Task details: Below are entries with pictures in them. Output exactly the lines starting at the line with "My name is Jessaint." and ending at the line with "So we're going", both included, but not the pictures.

Records for the exercise:
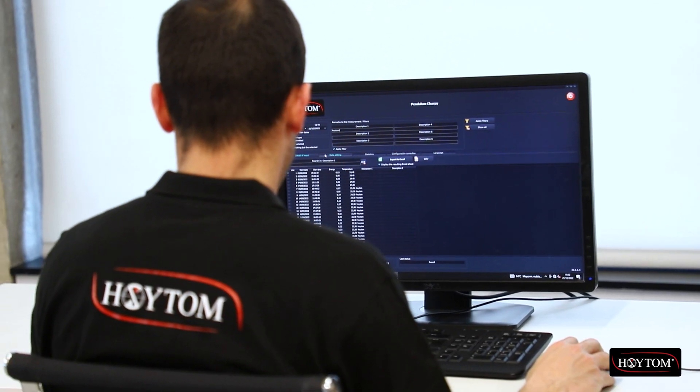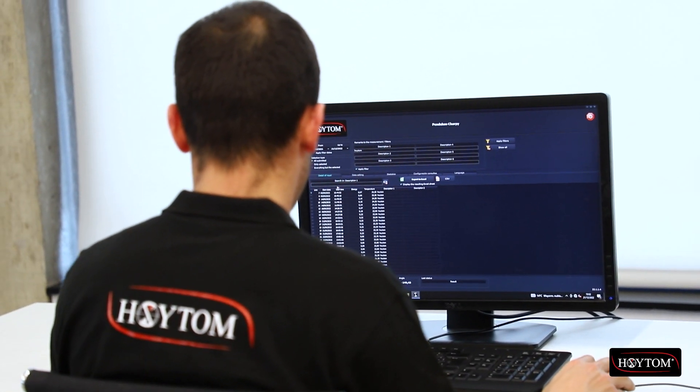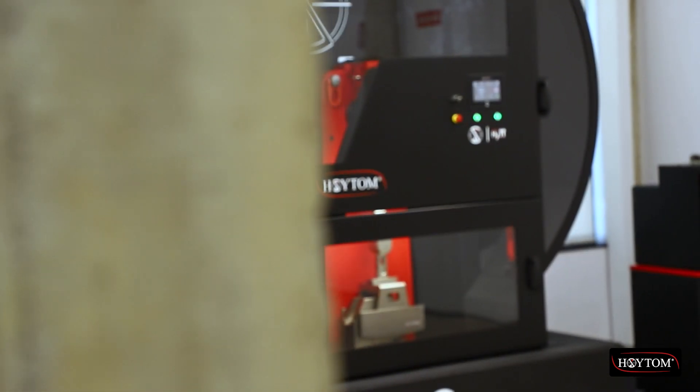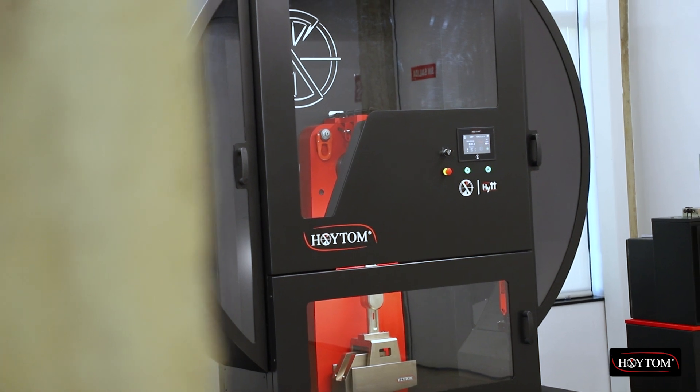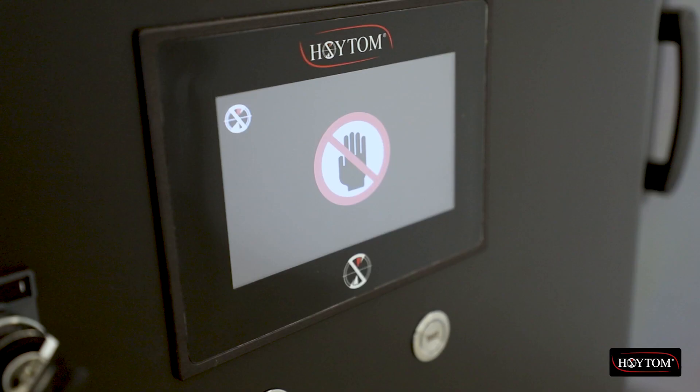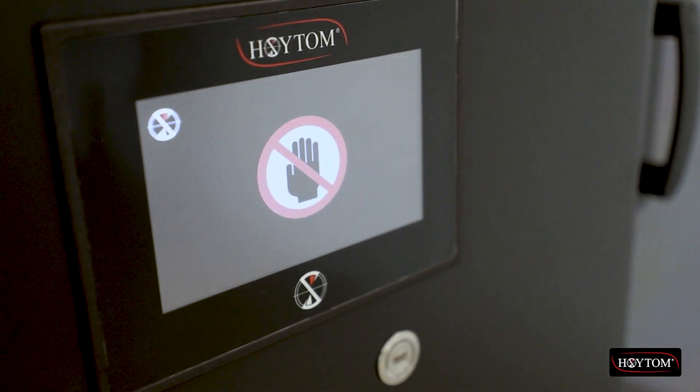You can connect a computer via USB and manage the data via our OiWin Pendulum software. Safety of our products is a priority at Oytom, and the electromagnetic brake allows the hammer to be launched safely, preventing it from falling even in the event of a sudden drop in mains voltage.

---

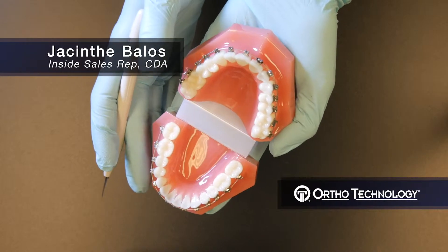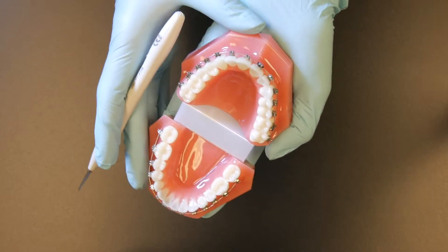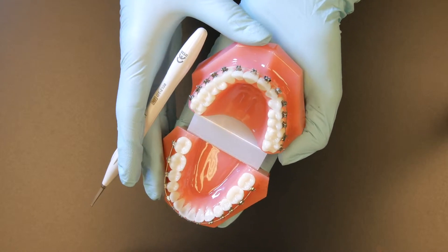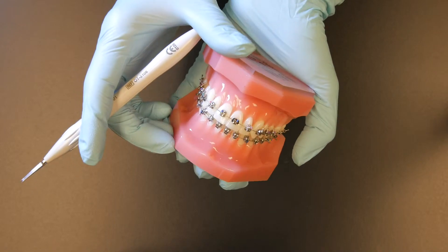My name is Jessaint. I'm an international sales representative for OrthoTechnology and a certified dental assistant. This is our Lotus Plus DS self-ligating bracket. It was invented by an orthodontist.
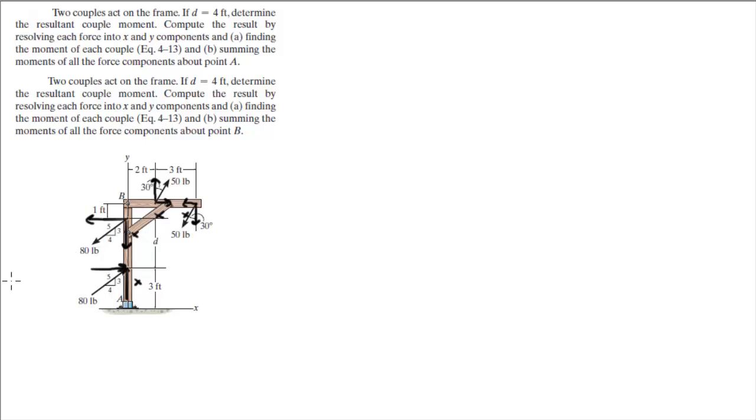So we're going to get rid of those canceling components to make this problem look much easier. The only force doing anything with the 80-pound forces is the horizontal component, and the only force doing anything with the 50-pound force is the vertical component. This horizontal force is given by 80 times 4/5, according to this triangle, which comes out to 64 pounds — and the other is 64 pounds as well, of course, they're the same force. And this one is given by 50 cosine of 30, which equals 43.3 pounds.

Exercise solution:
My name is Jessaint. I'm an international sales representative for OrthoTechnology and a certified dental assistant. This is our Lotus Plus DS self-ligating bracket. It was invented by an orthodontist.
So we're going to get rid of those canceling components to make this problem look much easier. The only force doing anything with the 80-pound forces is the horizontal component, and the only force doing anything with the 50-pound force is the vertical component. This horizontal force is given by 80 times 4/5, according to this triangle, which comes out to 64 pounds — and the other is 64 pounds as well, of course, they're the same force. And this one is given by 50 cosine of 30, which equals 43.3 pounds.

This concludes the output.